◆ THE RECORDS ◆

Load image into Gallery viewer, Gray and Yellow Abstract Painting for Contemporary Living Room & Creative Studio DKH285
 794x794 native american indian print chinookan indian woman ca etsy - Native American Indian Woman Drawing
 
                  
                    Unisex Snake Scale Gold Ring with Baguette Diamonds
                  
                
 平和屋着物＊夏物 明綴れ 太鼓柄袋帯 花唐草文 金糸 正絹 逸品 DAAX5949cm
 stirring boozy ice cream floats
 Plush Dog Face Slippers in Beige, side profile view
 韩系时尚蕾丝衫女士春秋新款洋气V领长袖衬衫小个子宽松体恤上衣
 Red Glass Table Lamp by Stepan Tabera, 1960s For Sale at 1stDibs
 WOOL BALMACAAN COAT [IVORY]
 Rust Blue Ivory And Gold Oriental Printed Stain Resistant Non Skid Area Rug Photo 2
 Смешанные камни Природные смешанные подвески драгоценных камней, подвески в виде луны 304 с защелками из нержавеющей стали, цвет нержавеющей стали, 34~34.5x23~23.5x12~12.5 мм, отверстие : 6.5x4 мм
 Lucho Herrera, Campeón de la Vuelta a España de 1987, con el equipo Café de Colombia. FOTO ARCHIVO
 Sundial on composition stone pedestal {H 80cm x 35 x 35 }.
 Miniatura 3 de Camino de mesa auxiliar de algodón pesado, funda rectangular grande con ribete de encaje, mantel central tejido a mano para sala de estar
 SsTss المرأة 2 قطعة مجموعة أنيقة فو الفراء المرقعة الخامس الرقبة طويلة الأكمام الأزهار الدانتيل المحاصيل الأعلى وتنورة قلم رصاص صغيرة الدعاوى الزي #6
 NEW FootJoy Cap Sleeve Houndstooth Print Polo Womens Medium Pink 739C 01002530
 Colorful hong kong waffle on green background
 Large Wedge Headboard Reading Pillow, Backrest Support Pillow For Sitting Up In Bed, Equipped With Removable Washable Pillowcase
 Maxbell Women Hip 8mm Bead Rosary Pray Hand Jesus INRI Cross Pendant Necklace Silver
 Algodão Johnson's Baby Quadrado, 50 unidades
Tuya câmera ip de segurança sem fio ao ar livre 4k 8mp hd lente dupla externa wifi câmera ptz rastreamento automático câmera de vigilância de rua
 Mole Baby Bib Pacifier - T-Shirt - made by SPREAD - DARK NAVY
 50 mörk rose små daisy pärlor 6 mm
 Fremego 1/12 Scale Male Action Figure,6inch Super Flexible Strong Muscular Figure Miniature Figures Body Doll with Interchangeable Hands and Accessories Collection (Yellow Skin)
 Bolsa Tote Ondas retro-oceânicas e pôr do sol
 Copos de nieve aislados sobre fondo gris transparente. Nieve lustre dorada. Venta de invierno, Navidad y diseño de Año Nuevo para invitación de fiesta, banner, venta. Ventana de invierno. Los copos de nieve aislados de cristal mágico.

◆ YOUR TASK ◆
Starting from the line that contains "Colorful hong kong", transcribe each line to the end of the records above. Please add nothing.

◆ OUTPUT ◆
 Colorful hong kong waffle on green background
 Large Wedge Headboard Reading Pillow, Backrest Support Pillow For Sitting Up In Bed, Equipped With Removable Washable Pillowcase
 Maxbell Women Hip 8mm Bead Rosary Pray Hand Jesus INRI Cross Pendant Necklace Silver
 Algodão Johnson's Baby Quadrado, 50 unidades
Tuya câmera ip de segurança sem fio ao ar livre 4k 8mp hd lente dupla externa wifi câmera ptz rastreamento automático câmera de vigilância de rua
 Mole Baby Bib Pacifier - T-Shirt - made by SPREAD - DARK NAVY
 50 mörk rose små daisy pärlor 6 mm
 Fremego 1/12 Scale Male Action Figure,6inch Super Flexible Strong Muscular Figure Miniature Figures Body Doll with Interchangeable Hands and Accessories Collection (Yellow Skin)
 Bolsa Tote Ondas retro-oceânicas e pôr do sol
 Copos de nieve aislados sobre fondo gris transparente. Nieve lustre dorada. Venta de invierno, Navidad y diseño de Año Nuevo para invitación de fiesta, banner, venta. Ventana de invierno. Los copos de nieve aislados de cristal mágico.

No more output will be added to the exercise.